2.4. Immunohistochemical staining

C57BL/6J and APP/PS1 mice that were implanted at ages of 2 months old were sacrificed and perfused according to University of Pittsburgh IACUC approved methods at 1 week (n= 6 per group) or 16 weeks (n = 7 per group) post-implantation, as described previously [7]. Briefly, mice were sedated using a cocktail mixture of xylazine (7 mg kg⁻¹) and ketamine (75 mg kg⁻¹). A toe-pinch test was performed to ensure proper level of anesthesia prior to beginning the procedure. For each mouse, 100 ml of warm phosphate buffered saline (PBS) was perfused transcardially (pump pressure between 80–100 mm Hg) followed by 100 ml of 4% paraformaldehyde (PFA). Mice were then decapitated with both skull and implant left intact for 24 h post-fixation at 4 °C in 4% PFA. This extended fixation period ensured the tissue surrounding the microelectrode remains minimally disturbed during implant removal. Brains were then carefully detached from the skull by removing excess bone and gently pushing down on the headcap while the tissue sample is inverted, allowing the probe to fall straight down out of the brain. Brain samples were then sequentially soaked in 15% and 30% sucrose in PBS at 4 °C for 24 h each. Once the tissue had reached sucrose equilibration, they were frozen in a 2:1 ratio of 20% sucrose:optimal cutting temperature compound (Tissue Tek, Miles Inc., Elkhart, IN, United States). Frozen brain samples were then sectioned horizontally using a cryostat (Leica Biosystems, Wetzlar, Germany) at a 25 μm thickness throughout the entire depth of the implant (∼1600 μm).

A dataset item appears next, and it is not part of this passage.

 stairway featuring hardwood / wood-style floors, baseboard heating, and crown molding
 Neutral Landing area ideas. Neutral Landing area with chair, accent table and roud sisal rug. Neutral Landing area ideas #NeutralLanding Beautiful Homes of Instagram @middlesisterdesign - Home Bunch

Brain tissue sections between 150–300 μm cortical depth (layer II/III) were chosen for immunohistochemical analysis, corresponding with the depth of observation during 2P imaging. Before staining, frozen tissue sections were re-hydrated with two washes of 1x PBS for 5 min each. For antigen retrieval, slides were incubated in 0.01 M sodium citrate buffer for 30 min at 60 °C. Slides were then incubated in in a peroxidase blocking solution (10% v/v methanol and 3% v/v hydrogen peroxide in 1x PBS) for 20 min on a table shaker (60 r.p.m.) at room temperature (RT) to block for active aldehydes and reduce the chance of non-specific binding. Sections were then pre-treated with a solution of 1% triton X-100 and 10% donkey serum in 1x PBS for 1 h at RT followed by blocking endogenous mouse immunoglobulin G (IgG) with donkey anti-mouse IgG fragment (Fab) for 2 h at 1:10 dilution at RT. Then, sections were rinsed with alternating washes of 1x PBS and 1x PBS-T (1% v/v of Tween-20 in 1x PBS) for four times 4 min each. Primary antibodies were diluted in solution of 1% triton X-100 and 10% donkey serum and applied to slides for 12–18 h at 4 °C. All primary antibodies used in this study are listed in table ​table1.1. Sections were rinsed in 3 × 5 min washes of 1x PBS the following day. Secondary antibodies were diluted 1:500 in 1x PBS and applied to slides for 2 h at RT. Secondary antibodies used were: Alexa Fluor 488 donkey anti-mouse, Alexa Fluor 488 donkey anti-rabbit, Alexa Fluor 568 donkey anti-mouse, Alexa Fluor 568 donkey anti-rat, Alexa Fluor 568 donkey anti-goat, Alexa Fluor 568 donkey anti-sheep, Alexa Fluor 647 donkey anti-mouse, Alexa Fluor 647 donkey anti-chicken, and Alexa Fluor 647 streptavidin (Abcam, Cambridge, UK). Then, slides were rinsed once more with 3 × 5 min washes of 1x PBS. To stain for cell nuclei, slides were incubated in Hoechst 33 342 (Invitrogen) at 1:1000 in 1x PBS for 10 min at RT followed by another rinse 3 × 5 min with 1x PBS. Finally, slides were cover slipped using Fluoromount-G (Southern Biotech, Birmingham, AL, United States) and sealed prior to imaging.

List of primary antibodies used for immunohistochemical staining.

Samples were imaged using a confocal microscope (FluoView 1000, Olympus, Inc. Tokyo, Japan) using a 20x oil-immersive objective lens (Nikon Instruments, Melville, NY). For each section, an ipsilateral and contralateral image was captured using same laser intensity and image settings for data normalization. For each image, a z-stack was collected consisting of six image planes each spaced 5 μm apart (635.9 × 635.9 μm, 1024 × 1024 pixels on FV10-ASW Viewer V4.2). Raw images were saved as 16-bit grayscale TIFFs.